Colliers was ranked as the world’s best real estate advisor by Euromoney. What factors contributed to this recognition, and how does it reflect your work in the Twin Cities?
This prestigious award recognizes organizations that are moving the dial through commercial success, as well as commitments to technological advances and sustainability initiatives that are improving the industry. This recognition speaks volumes about Colliers’ global excellence in real estate advisory and client service across markets. At a local level, we continue to complete landmark transactions and deliver on our mission to maximize the potential of property and real assets for our clients. Our talented professionals who lead the market with their expertise and best-in-class solutions are the key to our success.
What progress or new measures have been implemented to attract and retain talent over the past year?
This year, we launched a New Graduate Program across 10 U.S. markets, providing guaranteed salaries for two years, structured training, and senior-broker mentorship. Participants will join existing teams to gain hands-on experience and can earn commissions. This comprehensive program offers young talent a unique opportunity to thrive in the industry.
The response has been incredibly encouraging, attracting a more diverse and highly qualified pool of applicants. This aligns with our goal of competing with top employers to bring in talent traditionally unavailable to our industry.
Given current market conditions, would you classify the Minneapolis-Saint Paul commercial real estate market as more of a seller’s or a buyer’s market?
It depends on the sector. For industrial and multifamily, it’s a buyer’s market, thanks to limited future supply, strong demographics, and a highly educated workforce. However, for office, the situation is more nuanced. Opportunities exist, but investors must carefully assess which properties offer value. For existing office owners, exit strategies are more challenging than in previous years, requiring strategic investment to attract buyers.
Which services or property types have seen the most demand recently, and which do you expect to drive growth going forward?
Our multifamily business has grown significantly, driven by improved investment conditions compared to last year. We’re also seeing increased activity in rural industrial sectors, particularly in food and cold storage, which remain underdeveloped markets with high potential.
Locally, industrial properties continue to dominate demand.

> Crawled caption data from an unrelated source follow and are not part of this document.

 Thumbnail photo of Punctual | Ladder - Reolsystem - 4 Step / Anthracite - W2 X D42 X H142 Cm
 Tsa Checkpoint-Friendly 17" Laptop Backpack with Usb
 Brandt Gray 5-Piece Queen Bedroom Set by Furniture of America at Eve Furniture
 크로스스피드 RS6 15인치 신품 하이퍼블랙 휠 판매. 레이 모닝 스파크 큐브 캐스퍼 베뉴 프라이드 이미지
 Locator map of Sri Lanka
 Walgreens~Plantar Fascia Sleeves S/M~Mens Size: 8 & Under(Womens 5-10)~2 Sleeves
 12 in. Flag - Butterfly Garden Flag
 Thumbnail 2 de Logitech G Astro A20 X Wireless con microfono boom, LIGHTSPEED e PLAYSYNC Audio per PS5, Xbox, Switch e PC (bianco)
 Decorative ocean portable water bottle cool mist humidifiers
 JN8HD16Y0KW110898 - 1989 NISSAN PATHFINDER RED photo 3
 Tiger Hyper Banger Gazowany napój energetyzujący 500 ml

For offices, there’s a growing need for sublease representation as sublease space increases. However, we’re realistic with clients about their chances of leasing smaller spaces amidst high competition.
Have recent market challenges influenced how you advise your clients?
Yes, particularly in the office sector. We now emphasize the importance of assessing landlords’ financial stability, especially regarding tenant improvement allowances. If landlords lack liquidity, tenants must decide whether to self-fund improvements or pursue other options. We’ve also seen creative solutions like incorporating self-help rights into leases to protect tenants in case of landlord defaults — a concession that has little historical precedent.
What are the primary challenges the industry faces, and how can companies like Colliers address them?
Attracting and retaining young talent is the biggest challenge. The industry is aging, and fewer young people see commercial real estate as an appealing career path. We’re addressing this with programs like our New Graduate Program and Broker Acceleration Program, which provide structured training, mentorship, and network-building opportunities. These initiatives aim to accelerate career growth and make the industry more attractive to emerging professionals.
Colliers is committed to innovation and people-focused strategies. By investing in talent and embracing creative solutions, we’re positioned to thrive despite industry challenges.